Rue89Lyon : Est-ce que le phénomène de gentrification relève de cette «violence des riches», ou alors est-ce un signe de développement pour une ville ?
M. P.-C. : La gentrification est une violence surtout pour les catégories les plus pauvres, qui voient leurs anciens quartiers appropriés par des jeunes aux revenus élevés issus des secteurs de l’activité économique et sociale très en phase, comme les nouvelles technologies, le design, la mode, l’architecture… La violence tient dans la ré-appropriation de l’espace entier : les usines, les maisons, même les espaces publics. Christophe Guilluy, géographe, a écrit des choses très intéressantes sur ce sujet. Les quartiers boboïsés sont très vivants, c’est sympa, il y a plein de bistrots, comme autrefois tout est écrit à la craie.
M.P. : Mais ce n’est pas une violence des plus riches, car ce ne sont pas eux qui sont à l’origine de la gentrification. A Paris ou en province, c’est le même processus : ce ne sont pas les plus fortunés qui vont occuper des logements dans le quartier du Faubourg Saint-Antoine. Ce ne sont d’ailleurs pas d’anciens logements, mais des ateliers transformés en logements. Dans ces quartiers, il y a une éviction des catégories populaires, et un phénomène d’imposition d’un mode de vie par la présence de nouvelles populations, qui fait que les catégories les plus modestes finissent par partir. Parce que c’est trop cher, parce qu’il n’y a plus de commerces pour eux, parce que les bistrots n’ont plus la même allure et la même clientèle. Il y a une ré-appropriation par des classes moyennes avec un bon revenu, qui investissent ces vieux quartiers. Mais ce ne sont pas les bourgeois, eux, ils sont dans leurs beaux quartiers, ils y restent. Au fond, ils ne sont pas tellement plus nombreux d’années en années, ils ne sont pas contraints d’aller trouver des résidences ailleurs que dans le 8è arrondissement parisien ou le 16è.
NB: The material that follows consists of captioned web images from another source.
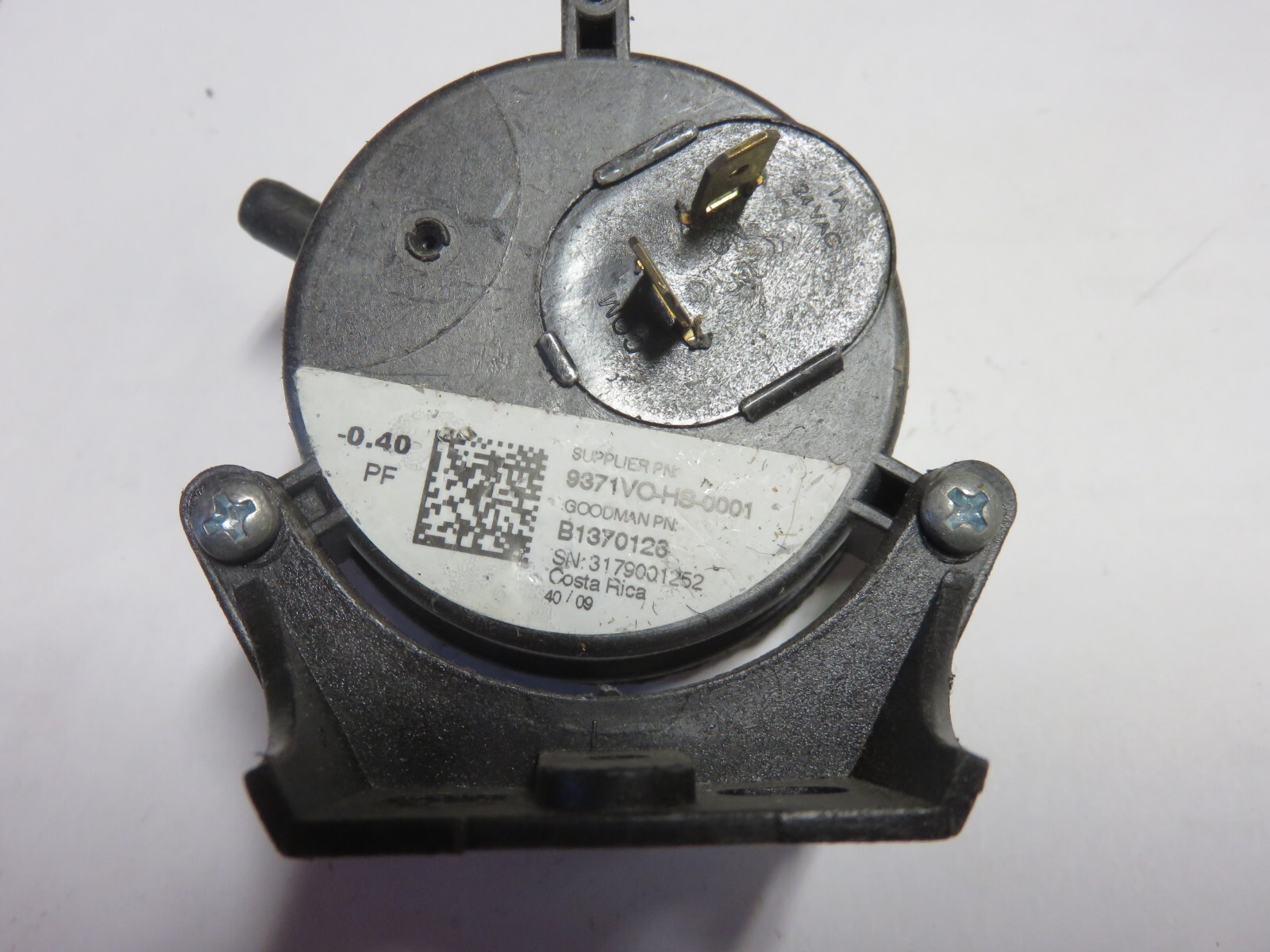 Goodman Furnace Pressure Switch Part B1370126 Model 9300V0HS0001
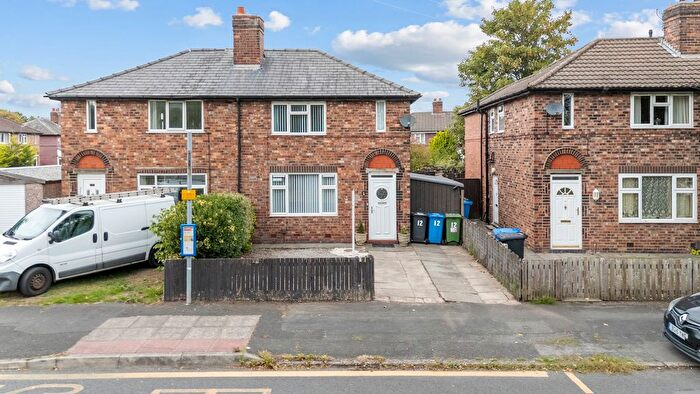 2 Bedroom Semi-Detached House For Sale In Troutbeck Avenue, Warrington, WA5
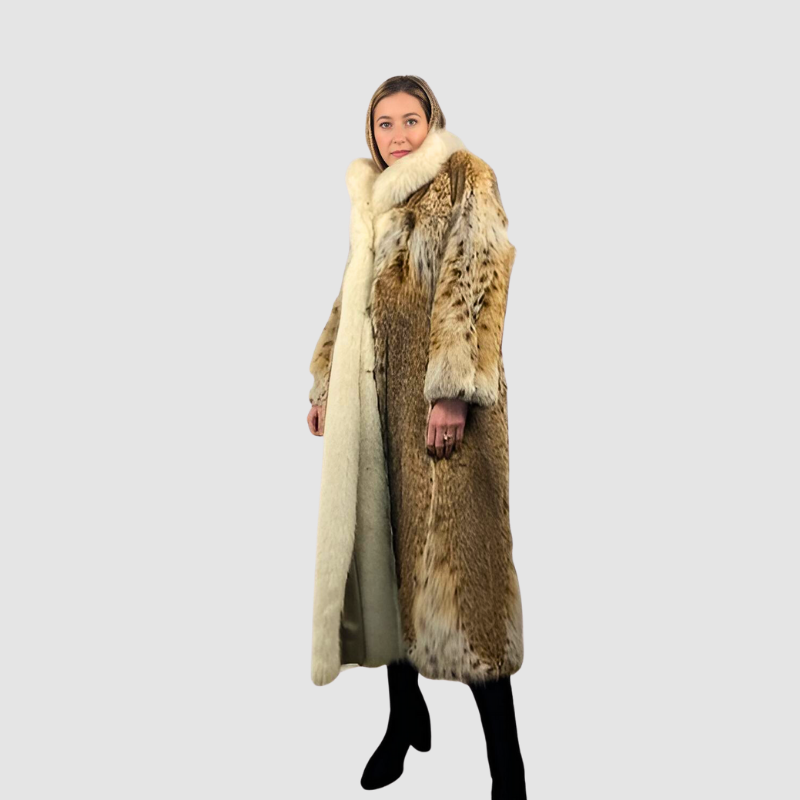 CANADIAN LYNX COAT & SHADOW FOX TUXEDO FRONTS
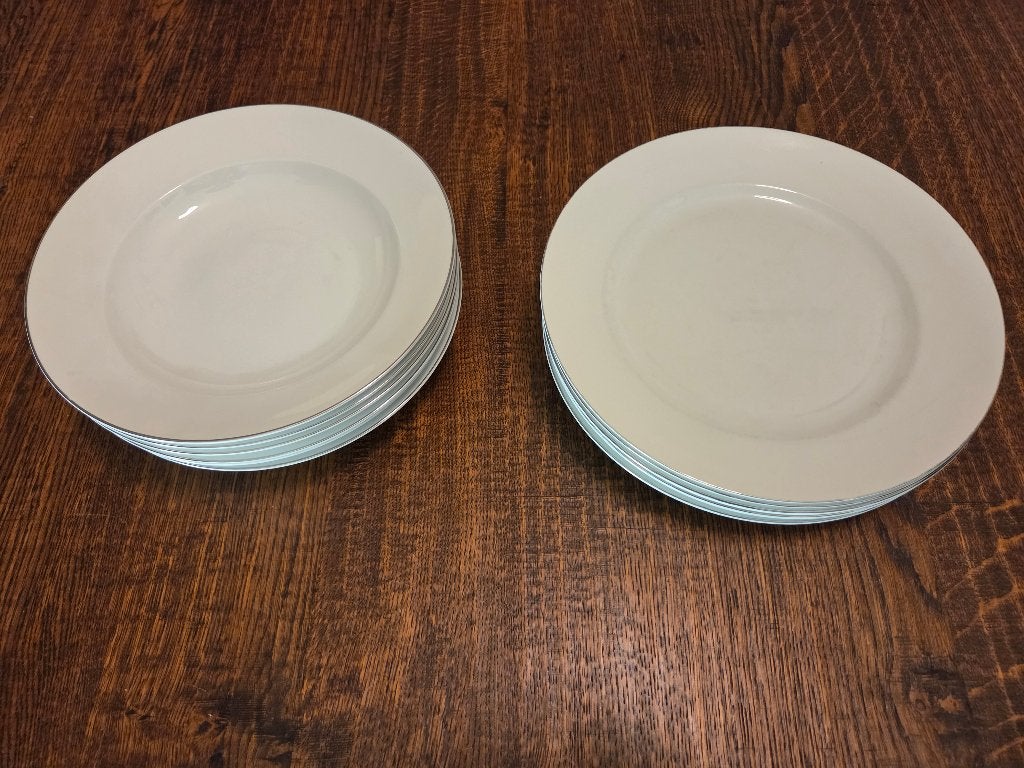 11 borden (wit / zilverkleurig randje), Bavaria Porselein, Huis en Inrichting, Keuken | Servies, Ophalen of Verzenden, Zo goed als nieuw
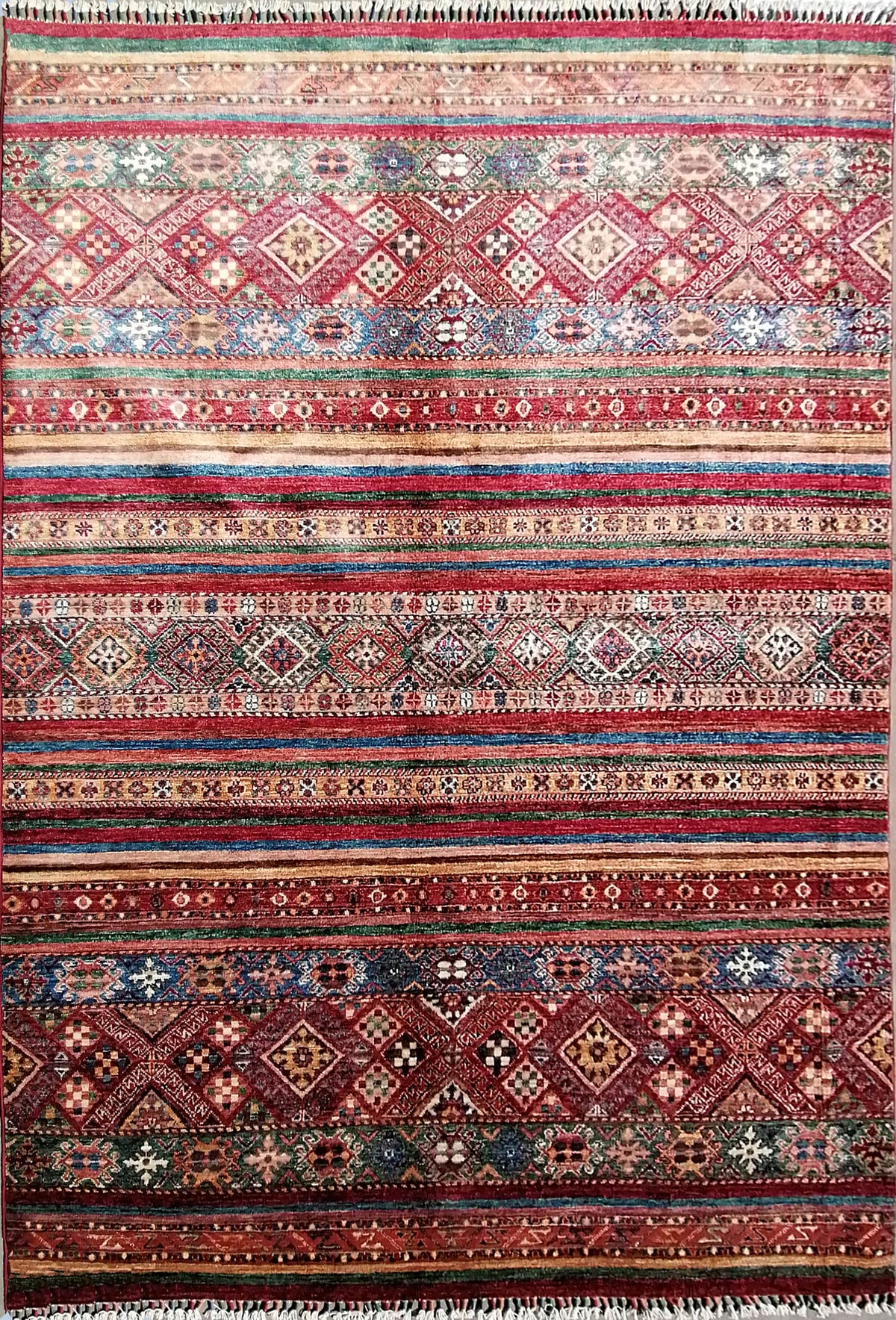 Alfombra persa de lana natural, diseño geométrico lineal en tonos burdeos - Consorcio Persa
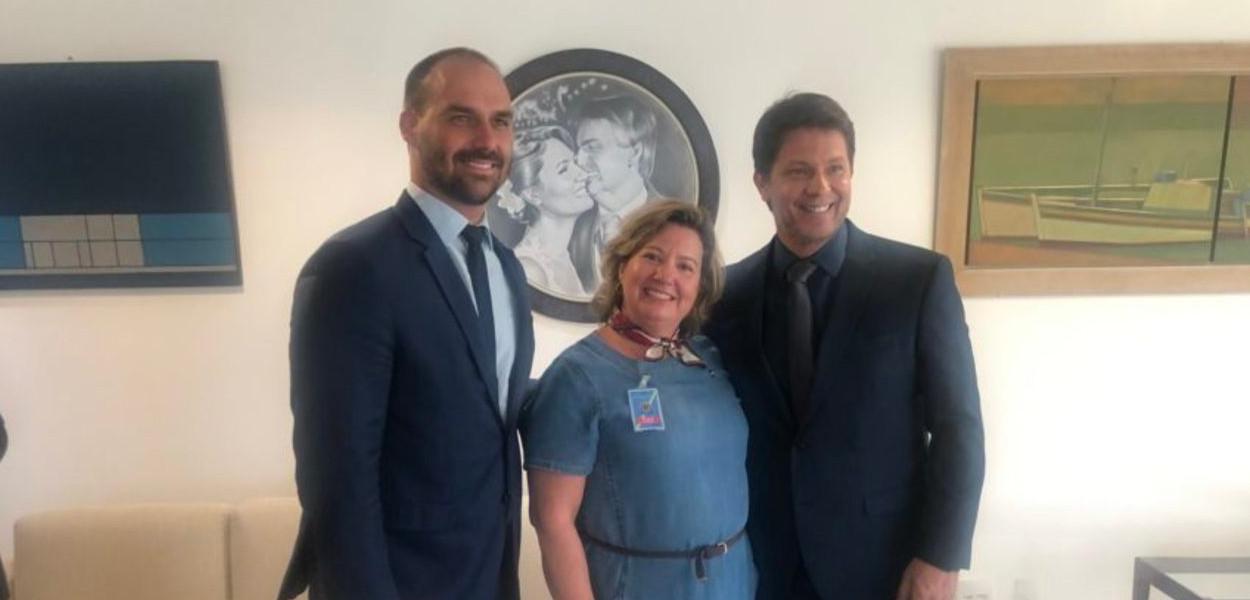 Eduardo Bolsonaro, Andrea Abrão Paes Leme e Mario Frias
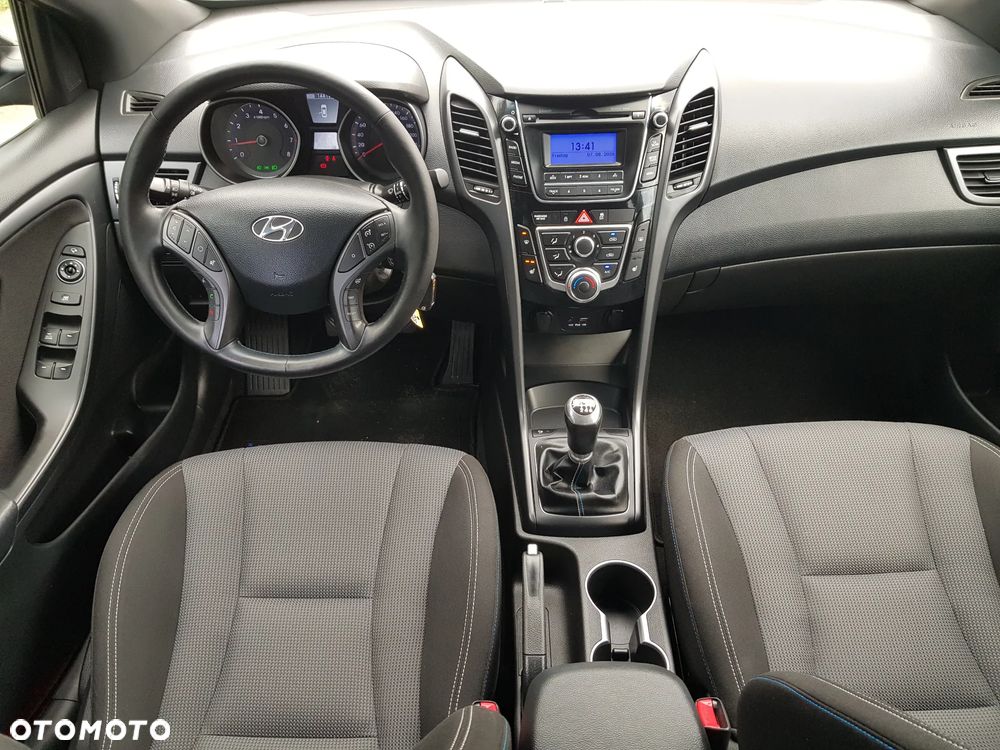 Hyundai i30 blue 1.4 Style - 26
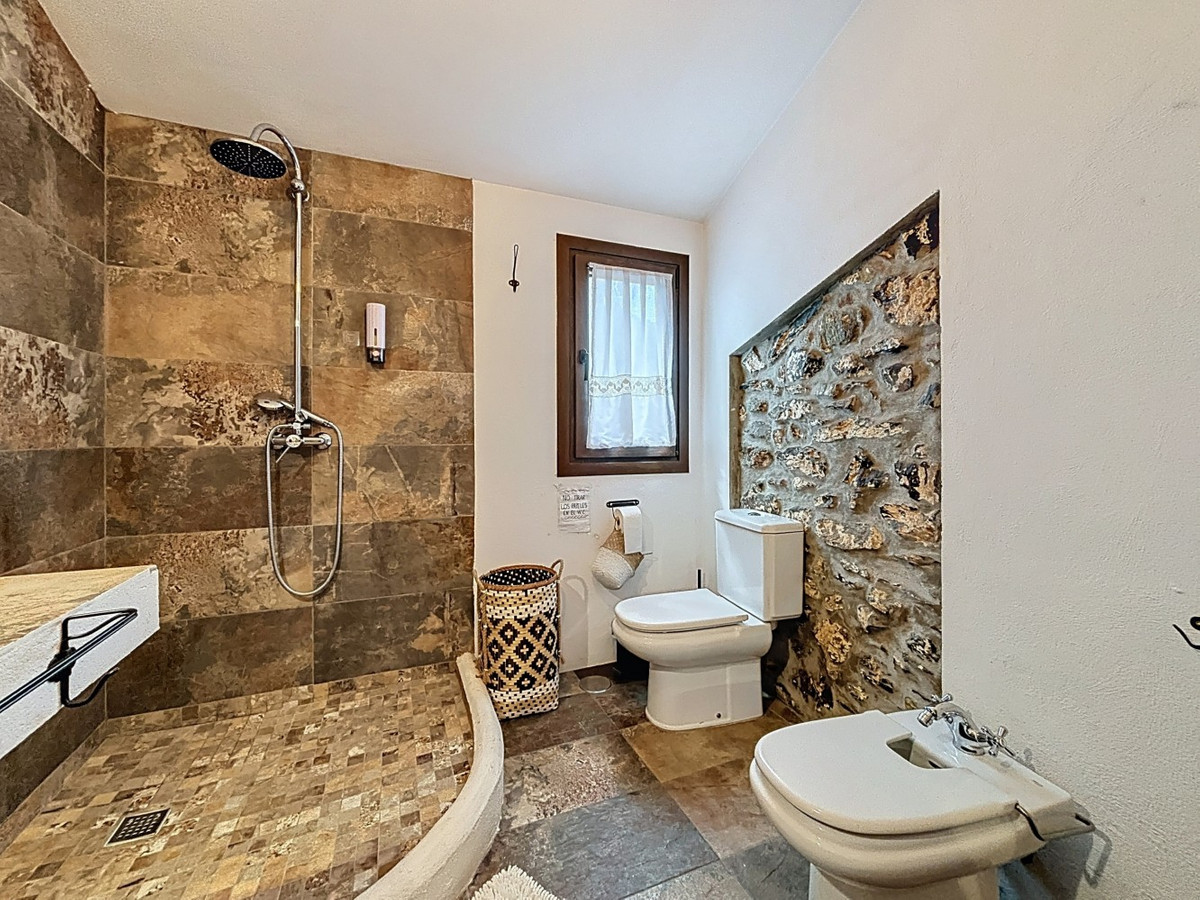 6 Bed Townhouse for sale in Comares Costa Del Sol East, Málaga, Spain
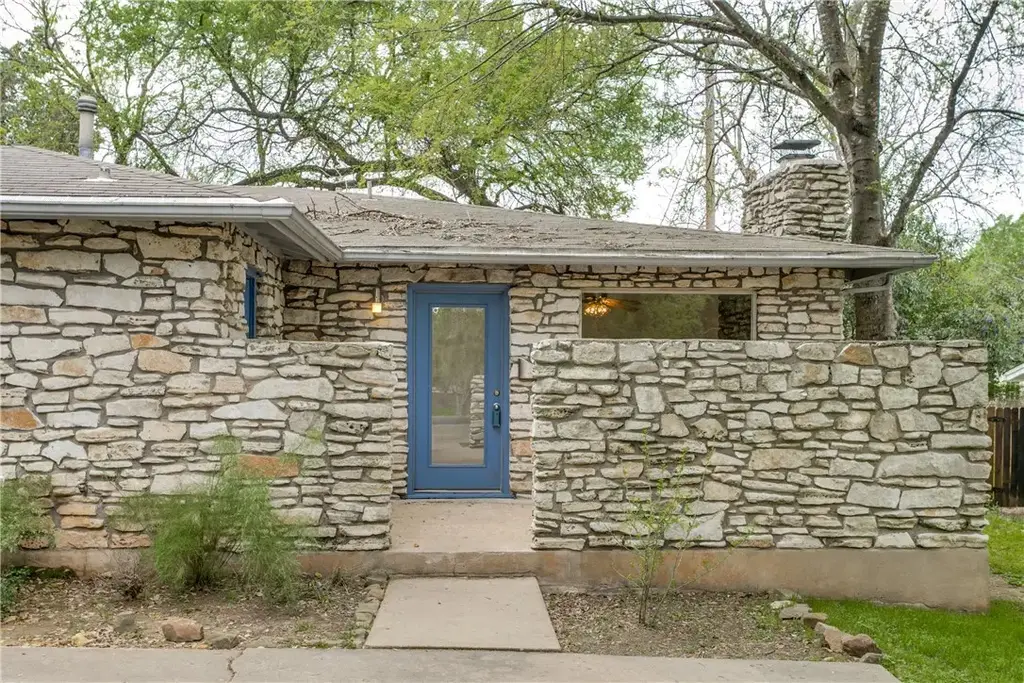 2313 La Casa Drive B, Austin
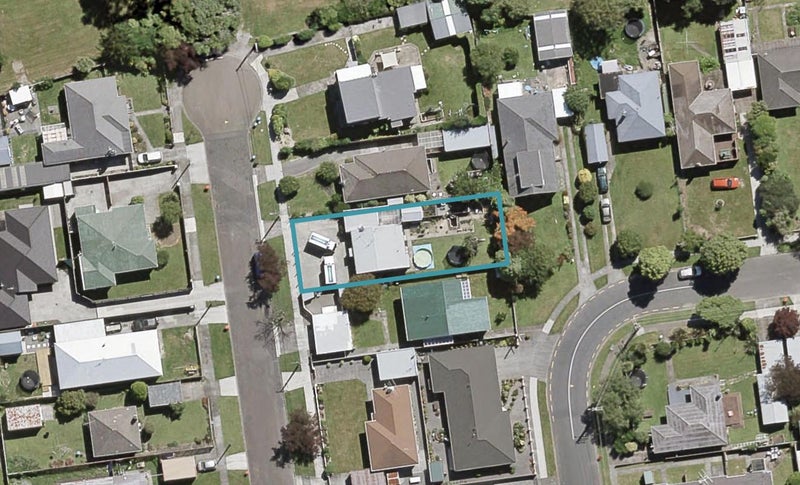 8 Willow Grove, Ebdentown, Upper Hutt - Carousel 1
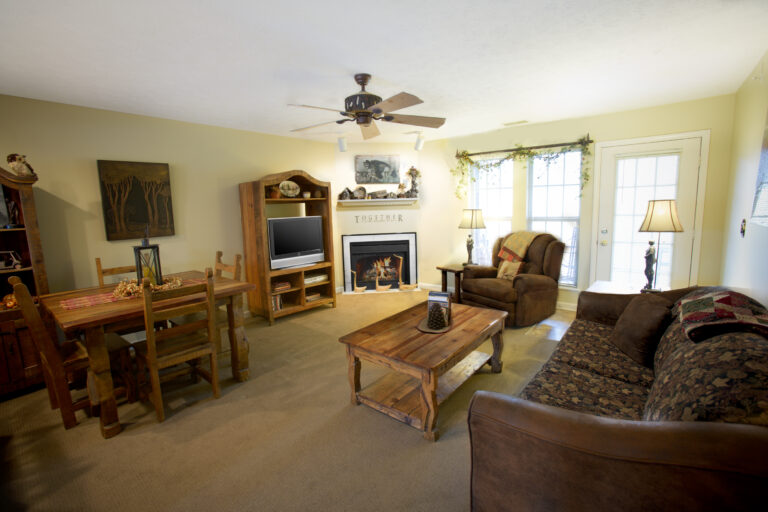 Salt Creek Lodge Living Room v2 768x512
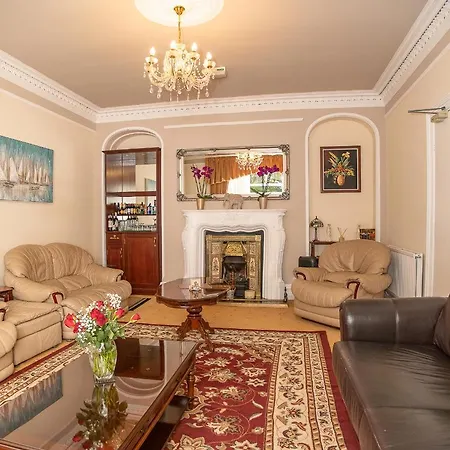 Beaumont - Adult Only - Free Car Park & Off Site Access To The Local Health Centre בית הארחה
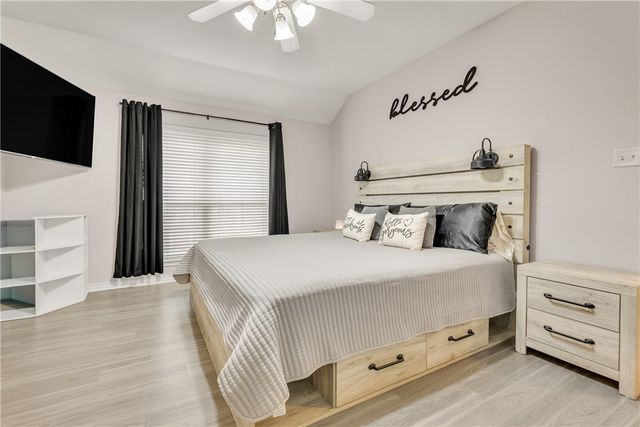 217 Karten Lane, College Station, TX 77845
Rue89Lyon : Estimez-vous qu’il y a de la part des grands bourgeois une certaine volonté de protection de leurs espaces de vie ? Cette volonté est-elle perceptible ?
M. P.-C. : Les grands bourgeois sont même mobilisés contre les classes plus populaires qui voudraient investir leurs milieux de vie. Mais c’est en général des manoeuvres insidieuses, comme par exemple à la villa Montmorency dans le 16è arrondissement à Paris. C’est là où habitent Carla Bruni, Bolloré, Lagardère et beaucoup d’autres. Vous pouvez acheter là-bas si vous êtes un grand gagnant du Loto, et encore…
M.P. : Il y a un accord entre les propriétaires de la Villa Montmorency et une agence immobilière, qui a un monopole de fait sur les transactions foncières des propriétés. Les propriétaires peuvent donc exercer une pression sur l’agence s’ils ne veulent pas que le bien soit vendu à une personne donnée.
M. P.-C. : Mais il peut y avoir des actions plus brutales comme la mobilisation des habitants de cette villa ou d’autres quartiers bourgeois contre l’implantation de logements sociaux. Là, ils n’hésitent pas, ils créent des associations et font des recours. Et puis, il y a la violence symbolique souvent mentionnée dans notre ouvrage : pour des gens modestes, habiter Neuilly-sur-Seine ou le 16è arrondissement n’est pas toujours facile, car ils sont sans cesse dans une posture de timidité sociale. C’est un ensemble de facteurs, certains sont durs, et d’autres sont beaucoup plus insidieux mais tout aussi efficaces. C’est l’ensemble de ces formes de violences qui font que l’entre-soi oligarchique est extrêmement bien préservé.